ACTIVITY → For this exercise, an exact copy is needed of only the lines from the one containing "穿着棕褐色西装的模型，在码头上，尝试一辆Novus One Electric" through the end of the data, with pictures left out.

DATASET EXCERPTS →
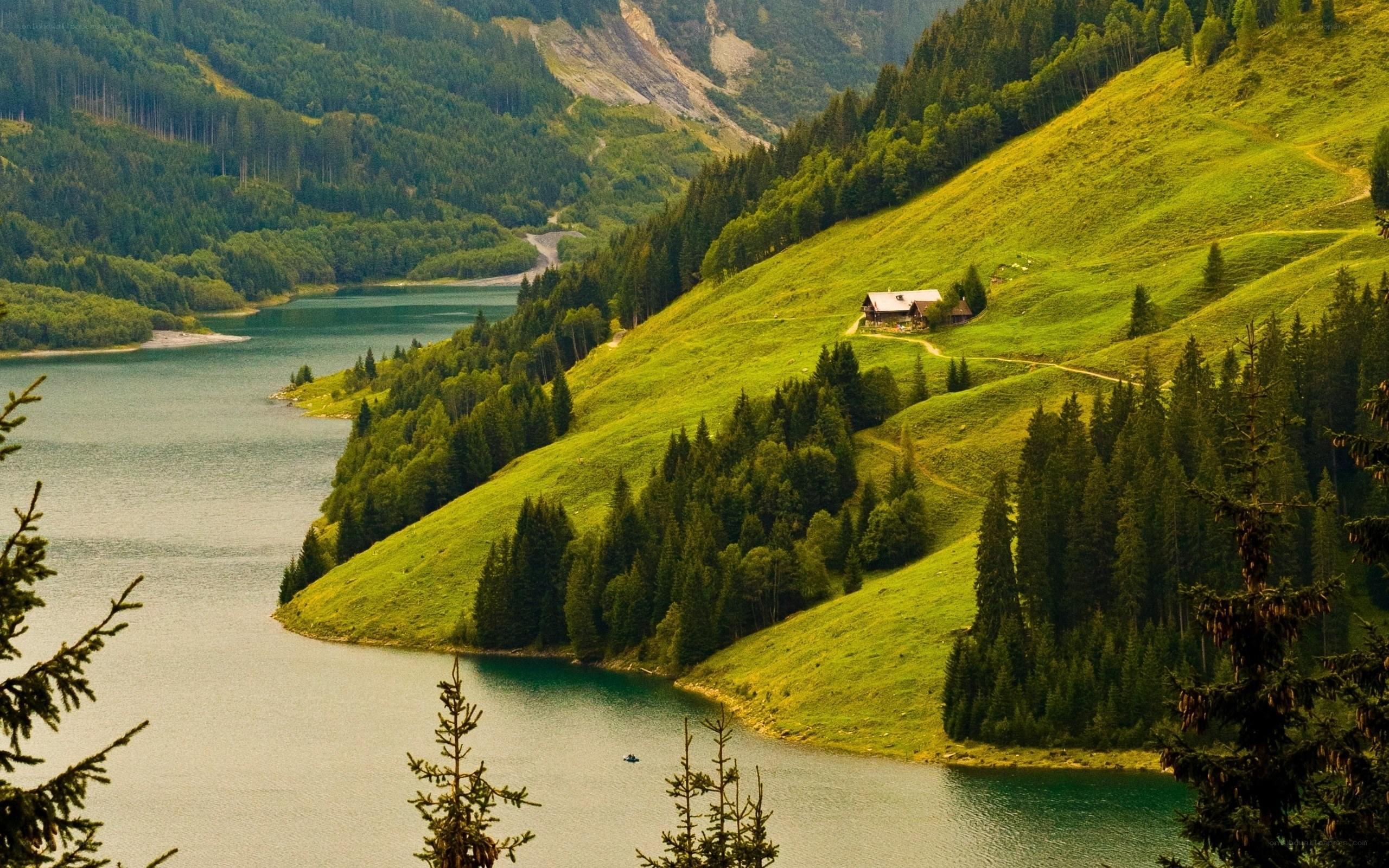 Mountain lake with cabin
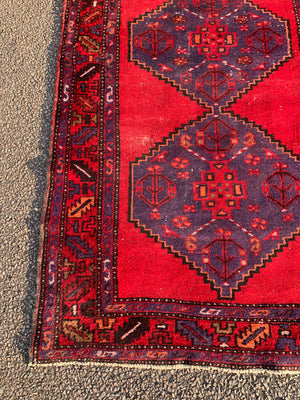 A red ground runner rug - 207cm x 108cm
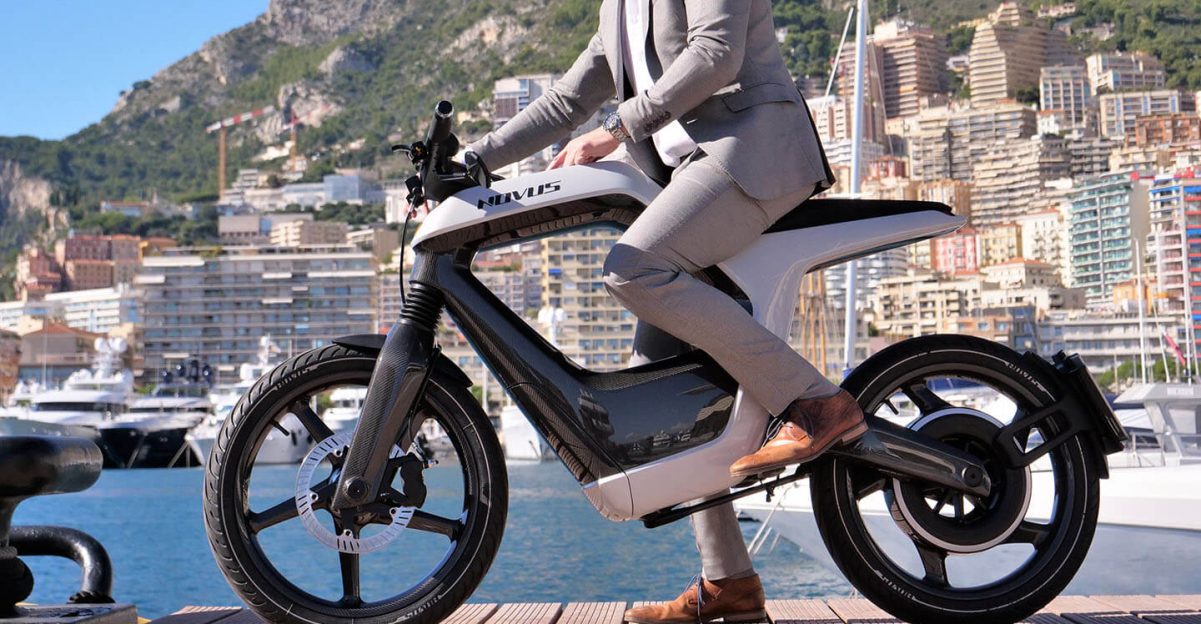 穿着棕褐色西装的模型，在码头上，尝试一辆Novus One Electric Motorcycle，带有湖泊在后台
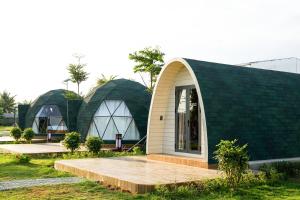 a green and white building with a wooden ramp in front at VinaEcolife Lodge in Ba Tri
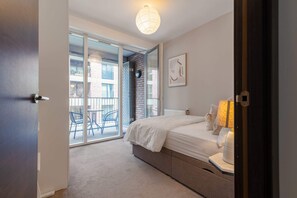 Eenvoudig appartement, Meerdere bedden | 3 slaapkamers, een laptopwerkplek, een strijkplank/strijkijzer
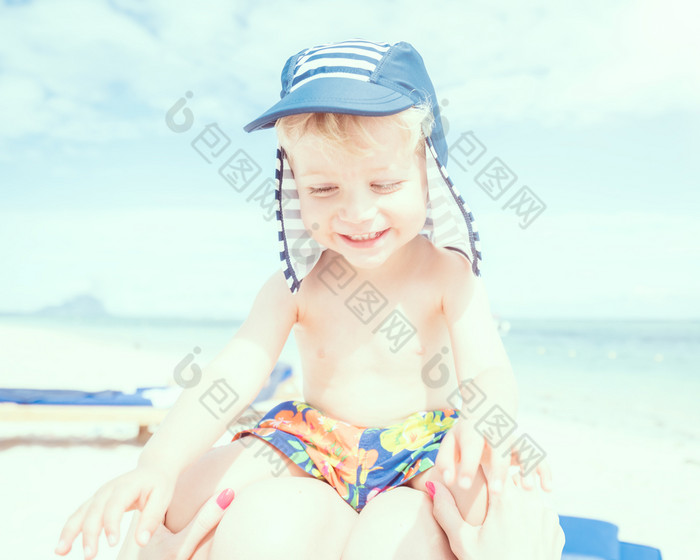 幸福婴儿男孩坐着妈妈她的腿的海滩使用分裂爽肤水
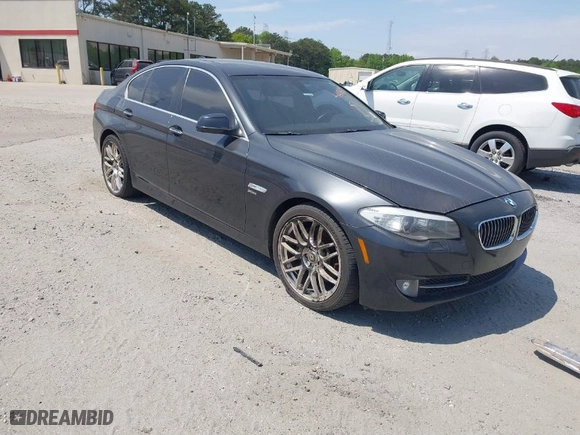 2011 BMW 5 Series 535i xDrive with VIN WBAFU7C58BC877235, listed as a IAAI auction lot 41684559 with 130,465 mi miles. Bid and sale history available at carsss.com. Image 1.
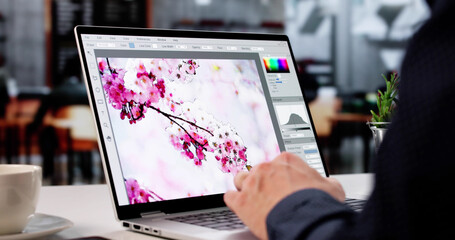 Young Male Designer Editing Photos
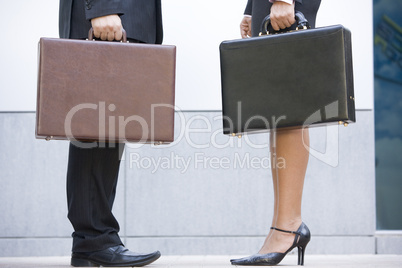 Two businesspeople holding briefcases outdoors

SOLUTION TO THE EXERCISE →
 穿着棕褐色西装的模型，在码头上，尝试一辆Novus One Electric Motorcycle，带有湖泊在后台
 a green and white building with a wooden ramp in front at VinaEcolife Lodge in Ba Tri
 Eenvoudig appartement, Meerdere bedden | 3 slaapkamers, een laptopwerkplek, een strijkplank/strijkijzer
 幸福婴儿男孩坐着妈妈她的腿的海滩使用分裂爽肤水
 2011 BMW 5 Series 535i xDrive with VIN WBAFU7C58BC877235, listed as a IAAI auction lot 41684559 with 130,465 mi miles. Bid and sale history available at carsss.com. Image 1.
 Young Male Designer Editing Photos
 Two businesspeople holding briefcases outdoors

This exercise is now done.